(EXERCISE): Using the records below, write out only the lines from the line containing "लोक निर्माण विभाग" up to and including the line containing "Более 500 школьников", exactly, with no pictures.

(PROVIDED DATA):
——
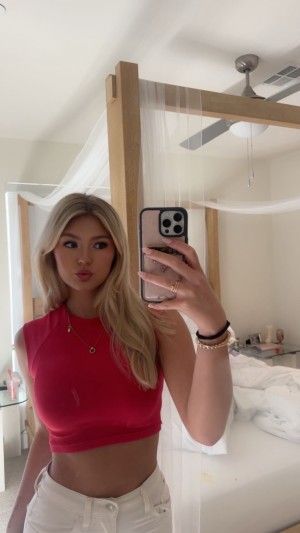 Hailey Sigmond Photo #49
——
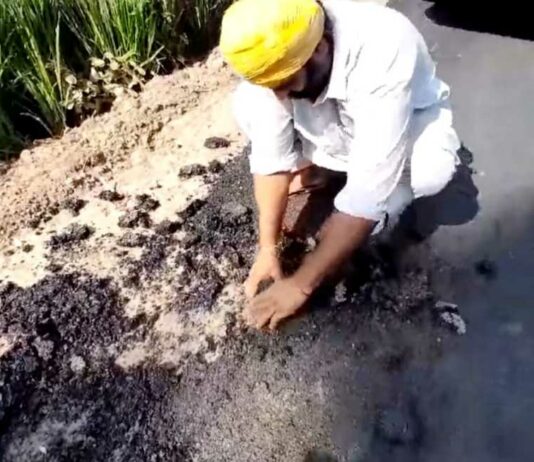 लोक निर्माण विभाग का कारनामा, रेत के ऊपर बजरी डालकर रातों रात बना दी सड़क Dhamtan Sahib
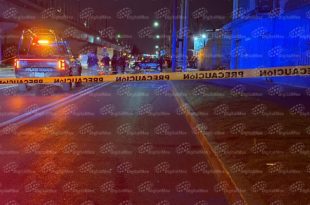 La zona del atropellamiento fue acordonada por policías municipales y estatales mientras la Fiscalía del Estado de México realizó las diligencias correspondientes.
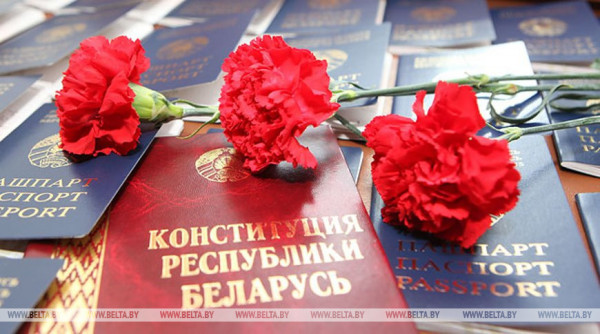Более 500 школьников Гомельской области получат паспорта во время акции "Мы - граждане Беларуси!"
——
(TASK SOLUTION):
 लोक निर्माण विभाग का कारनामा, रेत के ऊपर बजरी डालकर रातों रात बना दी सड़क Dhamtan Sahib
 La zona del atropellamiento fue acordonada por policías municipales y estatales mientras la Fiscalía del Estado de México realizó las diligencias correspondientes.
Более 500 школьников Гомельской области получат паспорта во время акции "Мы - граждане Беларуси!"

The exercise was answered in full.